▶ **TASK OBJECTIVE**
Print the lines below from the line with "Promoção tatuagem" to the line with "Crib and Dresser Set" exactly, keeping both ends, and print no pictures.

(Beginning of THE INPUT)

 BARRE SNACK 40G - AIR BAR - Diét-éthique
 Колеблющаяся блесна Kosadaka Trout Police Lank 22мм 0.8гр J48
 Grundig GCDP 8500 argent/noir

(End of THE INPUT)
(Beginning of THE INPUT)

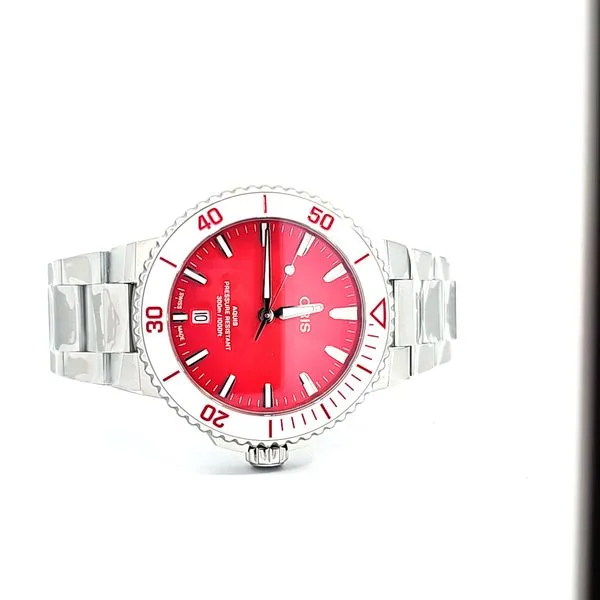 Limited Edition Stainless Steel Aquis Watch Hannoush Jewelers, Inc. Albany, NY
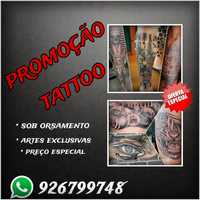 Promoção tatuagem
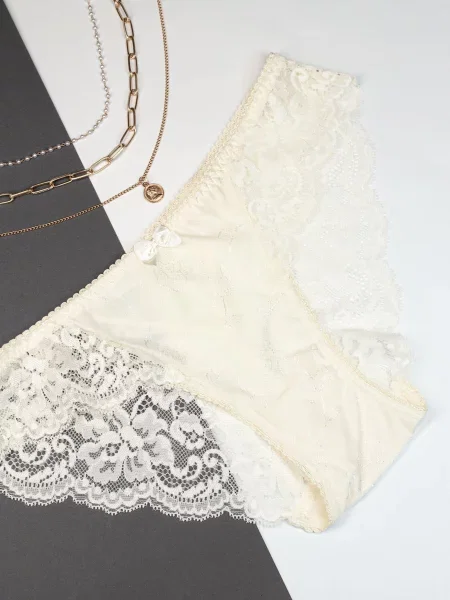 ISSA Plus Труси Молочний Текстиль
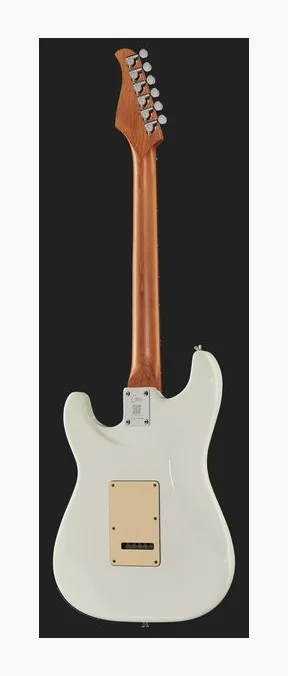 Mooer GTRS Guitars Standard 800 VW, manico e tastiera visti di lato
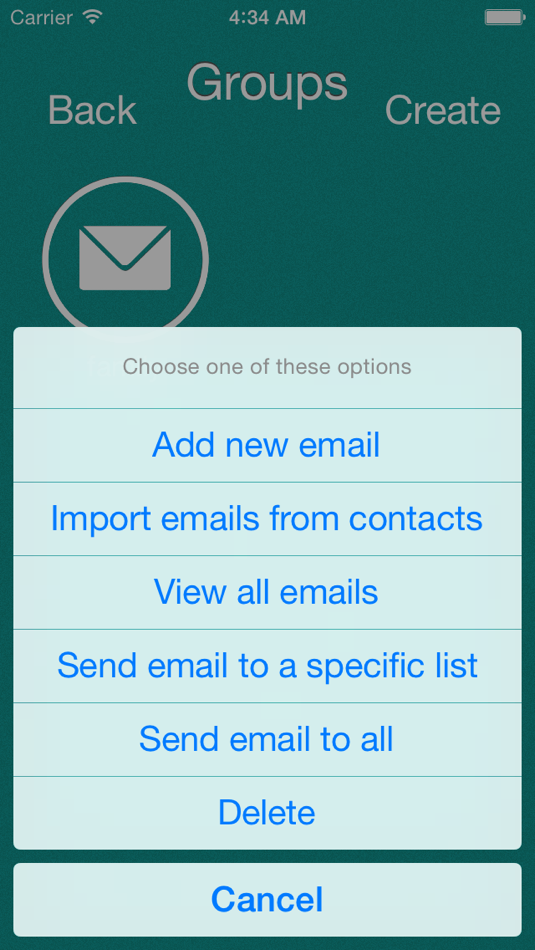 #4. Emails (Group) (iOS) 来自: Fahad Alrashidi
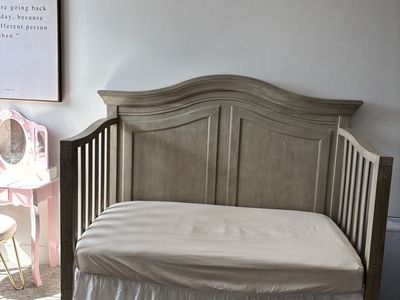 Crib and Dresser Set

(End of THE INPUT)
(Beginning of THE INPUT)

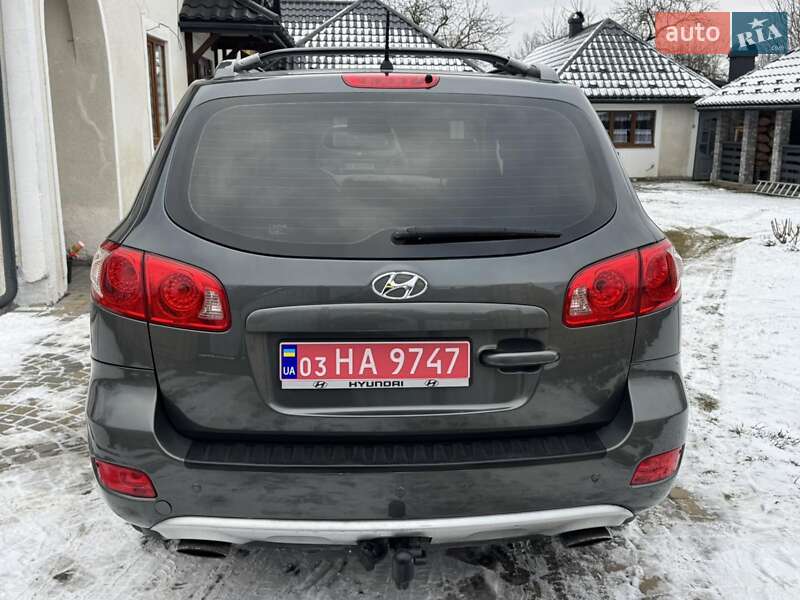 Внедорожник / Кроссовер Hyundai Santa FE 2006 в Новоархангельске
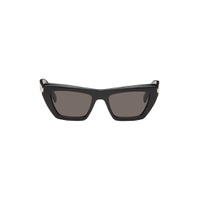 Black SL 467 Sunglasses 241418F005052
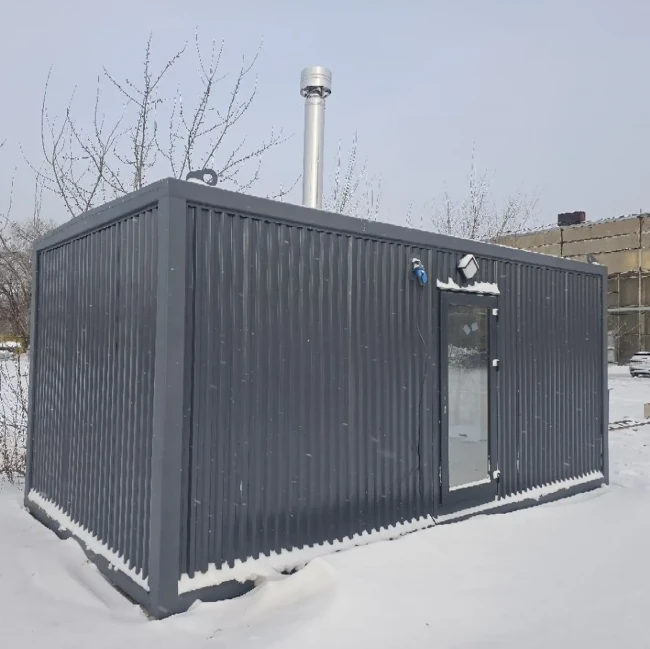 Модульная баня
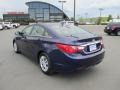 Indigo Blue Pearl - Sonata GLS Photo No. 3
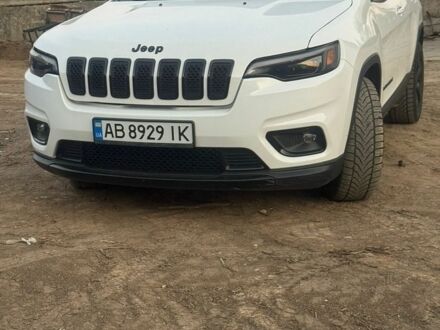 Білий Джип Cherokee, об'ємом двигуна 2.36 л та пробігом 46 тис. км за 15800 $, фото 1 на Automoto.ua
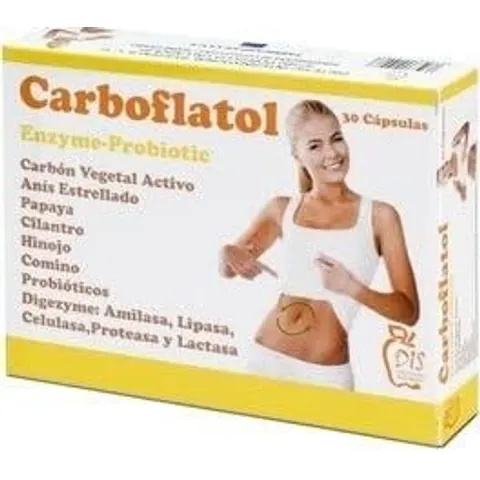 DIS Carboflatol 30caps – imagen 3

(End of THE INPUT)

▶ **REPLY TO THE TASK**
 Promoção tatuagem
 ISSA Plus Труси Молочний Текстиль
 Mooer GTRS Guitars Standard 800 VW, manico e tastiera visti di lato
 #4. Emails (Group) (iOS) 来自: Fahad Alrashidi
 Crib and Dresser Set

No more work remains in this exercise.